Acıma duygusu
Acıma, modernizmle beslenen ve günümüzde insanları manipule etme aracı olarak kullanılan bir duygudur. Önceleri bu duygu, insanları yardımlaşmaya, çevresine ve kendinden yoksul durumdakilere yardım etmeye yarayan bir araçtı. Fakat günümüzde yoksul insanların bazılarının uyanıklaşması, köşe kapmaya çalışmasından, bu güzel huy yerini ahmaklığa bırakmıştır. Acıma duygusu olan insan, keriz sıfatıyla eş değer bir hale getirilmiştir. Bu durumu ortaya çıkaran bazı uyanık yoksullardır. Ki bunlar, asıl yoksullardan ayrılmışlar ve köşelerini kapmaya muvaffak olmuşlardır da. Asıl yoksullar da acınma duygusunu beklemektedirler.
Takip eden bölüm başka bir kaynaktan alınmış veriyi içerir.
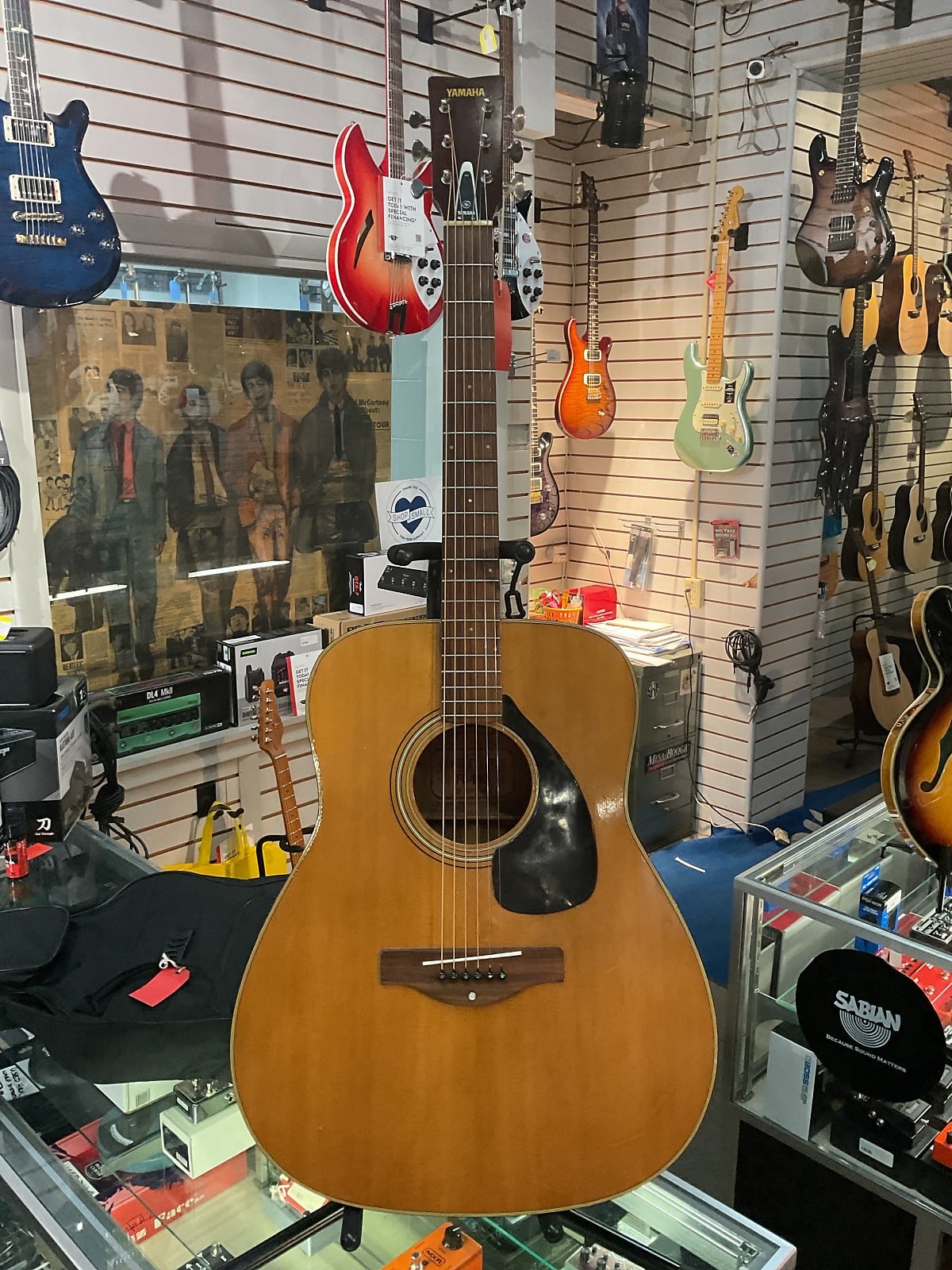 Yamaha FG-180 Red Label 70' Jumbo Acoustic - 180
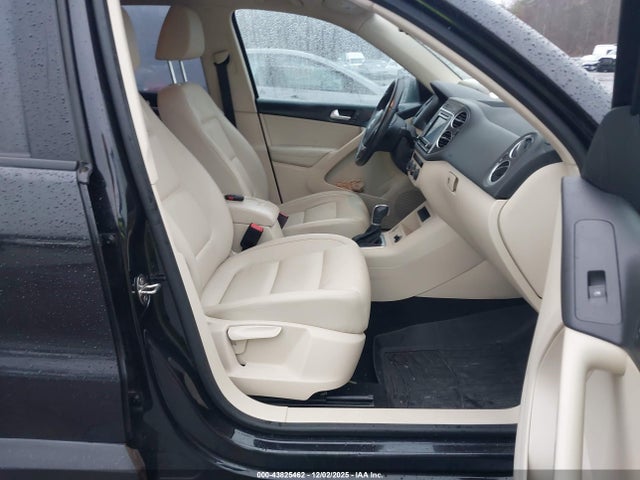 2017 VOLKSWAGEN TIGUAN WVGAV7AX7HW507699 Photo 4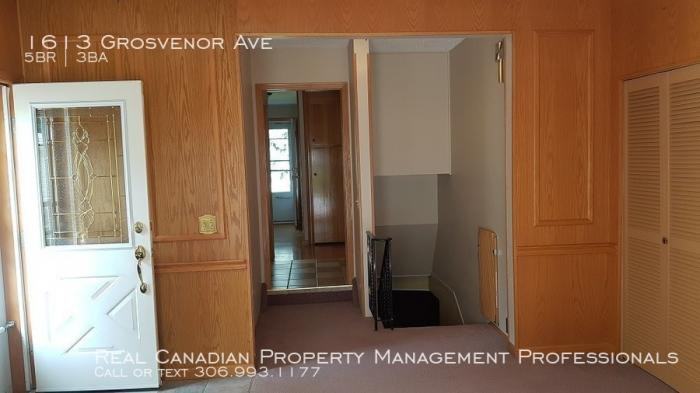 1613 Grosvenor Ave - Photo 3 of 48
Bu insanların yaptıklarının doğru ve yanlış
olduklarını söylemiyorum. Burada amacım, olanı olabildiğince gözler önüne
sermek. İnsanların acıma duygusuna ihtiyaç duyması benim için asıl suçlanacak
noktadır. İnsan neden acınmak ister? Ekonomik yetersizliği onu bu duyguya
muhtaç etmektedir. Varsıllılarının verdiği ile yaşama bağlanmak zorundadırlar.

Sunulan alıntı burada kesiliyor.